THE INPUT>

....................

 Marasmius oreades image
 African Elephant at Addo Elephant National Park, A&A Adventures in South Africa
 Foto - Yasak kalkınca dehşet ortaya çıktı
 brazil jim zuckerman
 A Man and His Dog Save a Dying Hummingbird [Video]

....................

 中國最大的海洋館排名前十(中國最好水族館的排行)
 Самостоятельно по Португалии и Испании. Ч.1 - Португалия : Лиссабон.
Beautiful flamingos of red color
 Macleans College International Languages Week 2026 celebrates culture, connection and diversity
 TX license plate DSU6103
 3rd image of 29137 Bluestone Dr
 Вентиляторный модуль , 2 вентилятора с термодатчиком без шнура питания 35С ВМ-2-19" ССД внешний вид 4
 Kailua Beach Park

....................

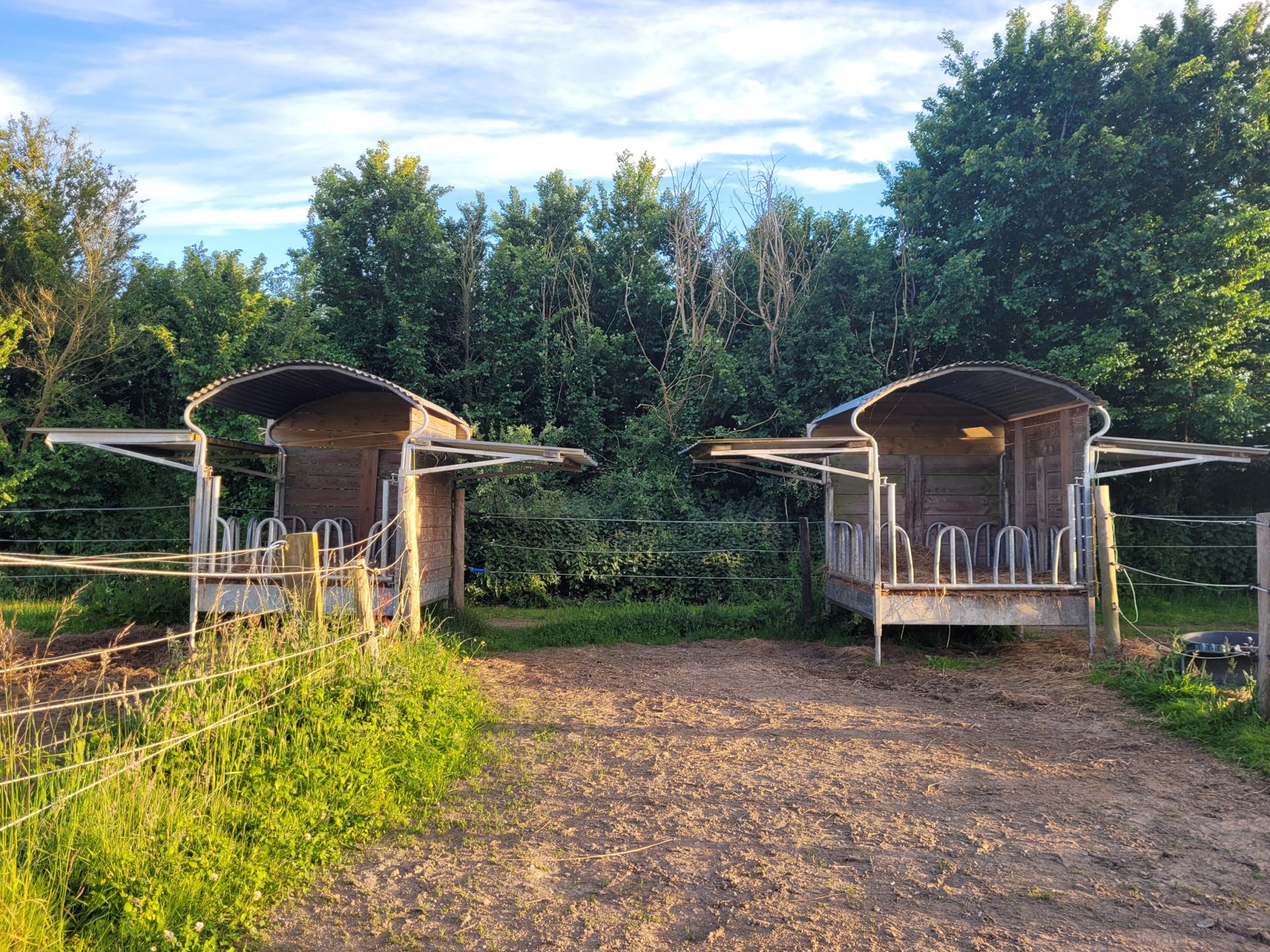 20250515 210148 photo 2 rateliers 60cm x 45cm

....................

Only the lines with "image" are needed; find them in the records and copy each one.

EXERCISE SOLUTION>
 Marasmius oreades image
 3rd image of 29137 Bluestone Dr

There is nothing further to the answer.